After the Roman period Worcester shrank in size and the area now covered by Crowngate was largely pasture with a few farm buildings including a large clay oven.
Historical sources tell us that an Anglo-Saxon burh (a fortified town) at Worcester was founded in the later 9th AD. Most of the area of the Crowngate excavation was outside the ramparts and palisades but in one small trench we did find the very first structural evidence of the burh defences ever recorded. Even after the Norman Conquest when the defences had gone out of use their presence effected the plots and layout of Worcester and the shadow of them remains in the modern city. Whilst the area around the defences was kept clear there was development of houses plots in the later Anglo Saxon period. These were aligned to the street which later became known as Birdport and which led to a gate into the medieval city. Birdport was destroyed by the construction of Deansway in the 20th century.

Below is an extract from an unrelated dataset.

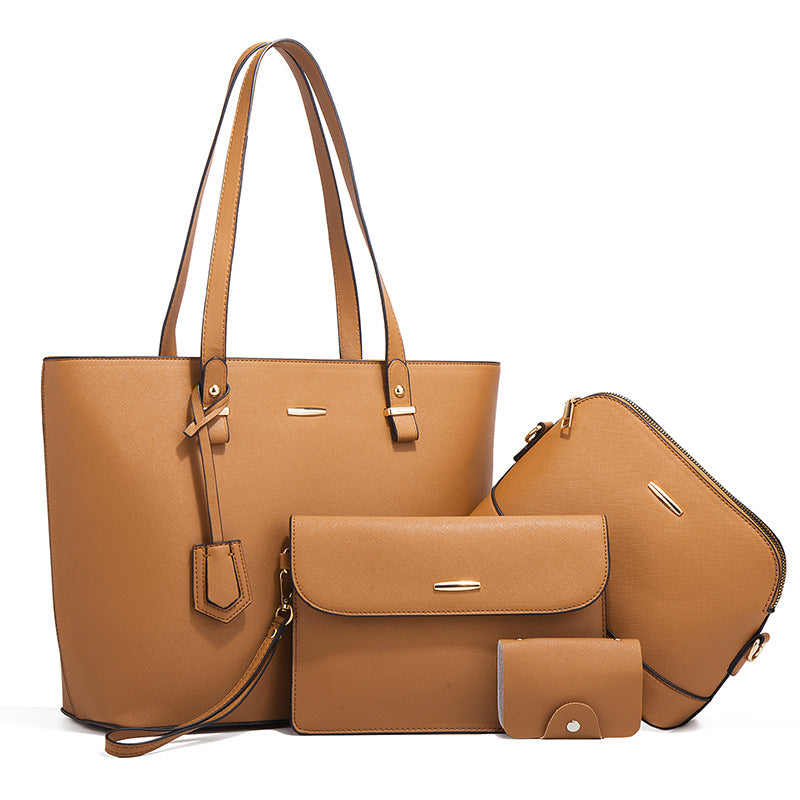 Large-capacity Four-piece Female Bag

One amazing discovery dating to the Anglo-Saxon period was a fragment of a Roman, Samian Ware, bowl which had been inscribed with a runic inscription at some point in the Anglo-Saxon period. Sadly, not enough of the bowl was found to enable even an international expert to decipher the inscription.
In the medieval period the population of Worcester grew, buildings in the city became more and more densely packed and the site was inside the town defences. An urban elite was emerging, building in stone and replacing previous houses on the same boundaries. The Severn had always been an important river. In the Middle Ages it was an internationally important trade route and enabled Worcester to prosper. The parish in which the excavation occurred is St Andrew’s the second wealthiest in Worcester at that time and this was reflected in objects that we found from pottery to metal work.

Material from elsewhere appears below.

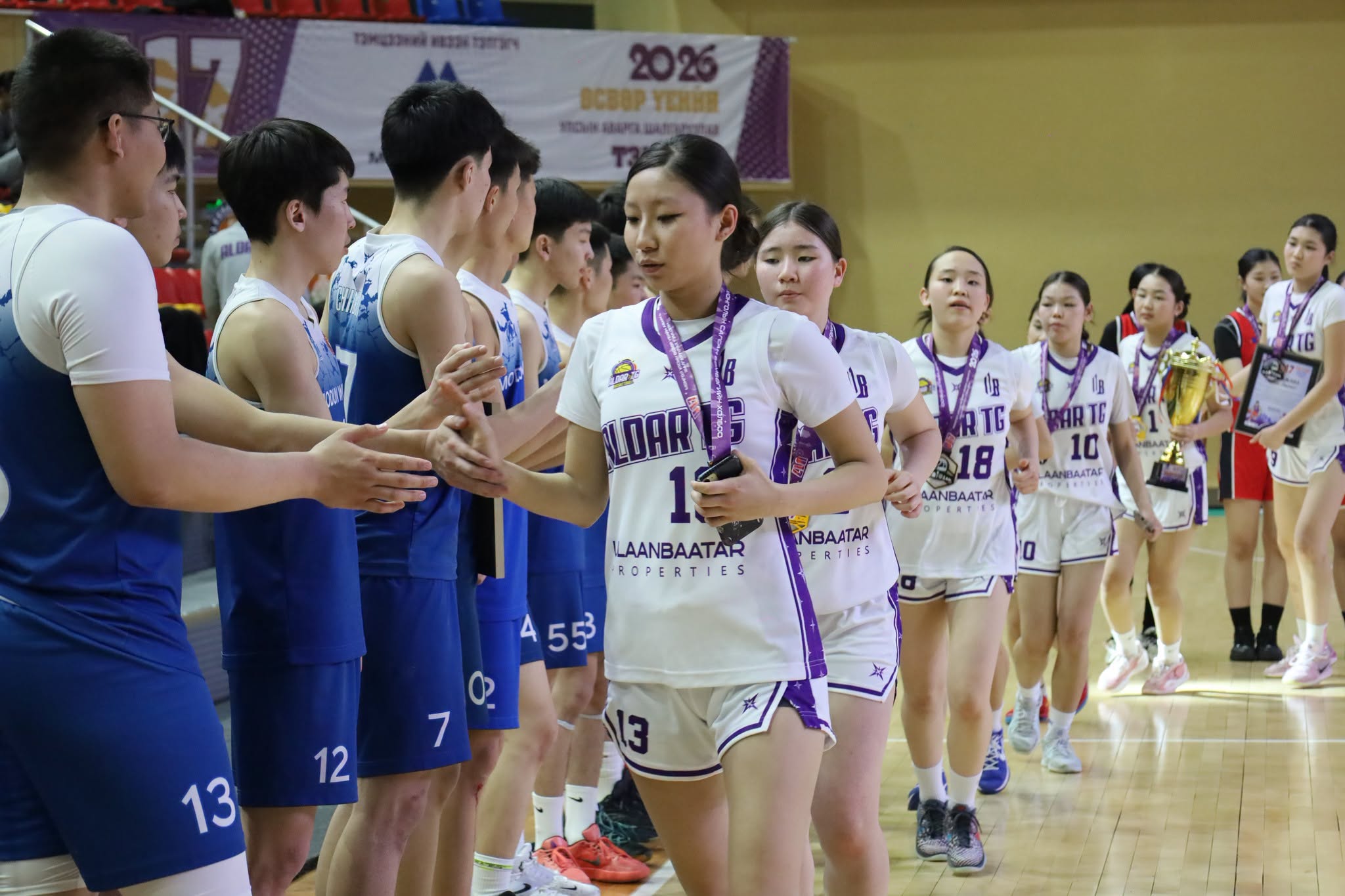 U17 сагсан бөмбөгийн улсын аваргууд шалгарлаа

The first half of the 14th C was a time of bad weather, bad harvests and famine. In 1349 the Black Death arrived in England. It is estimated that c 40 to 50 % of the world’s population died at this time. In Worcester this high death toll led to the abandonment of houses and the conversion of tenement plots to, at Crowngate, gardens and a bronze foundry. As the city’s population gradually recovered, probably helped by migration from other areas of Worcestershire, the foundry and gardens were replaced with new houses. Many of these survived until the slum clearances in the early 20th century.
After the dig
The Crowngate dig is one of the most important ever undertaken in Worcester. The size of the area uncovered meant we could really get to grips with the processes of change over time. It also allowed us to put discoveries from other sites across the city into a framework and has informed all later work. The excavations captured the interest of local people and there were high attendance figures at our open days, tours and talks. There are many people who use our services today who remember coming to see us at work at “the dig”.
The substantial funding provided by the government via the Manpower Services Scheme was to enable young people to be trained to work in a time of economic depression. Some of us were recent graduates but others had no archaeological training. We learned together and many of us went on to have long careers in archaeology.

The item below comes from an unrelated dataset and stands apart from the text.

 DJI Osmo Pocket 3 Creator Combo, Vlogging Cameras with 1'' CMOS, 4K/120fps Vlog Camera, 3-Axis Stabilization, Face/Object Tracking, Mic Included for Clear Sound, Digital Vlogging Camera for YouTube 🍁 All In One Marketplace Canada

Some of the team came to Worcestershire and never left. Victoria Bryant was Finds Supervisor for the dig and is now manager of Worcestershire Archive and Archaeology Service. Robin Jackson was a Site Manager and is now a Senior Project Manager. Laura Templeton who drew the cartoons for The Digger, the unofficial record of the excavations, is a Senior Illustrator.
Talking about the Deansway dig brings back lots of memories to quite a few of our staff, former colleagues and volunteers. There was great team spirit which could often be observed in the local pubs, particularly the Farriers Arms in Fish St. They are very proud of the story they unearthed.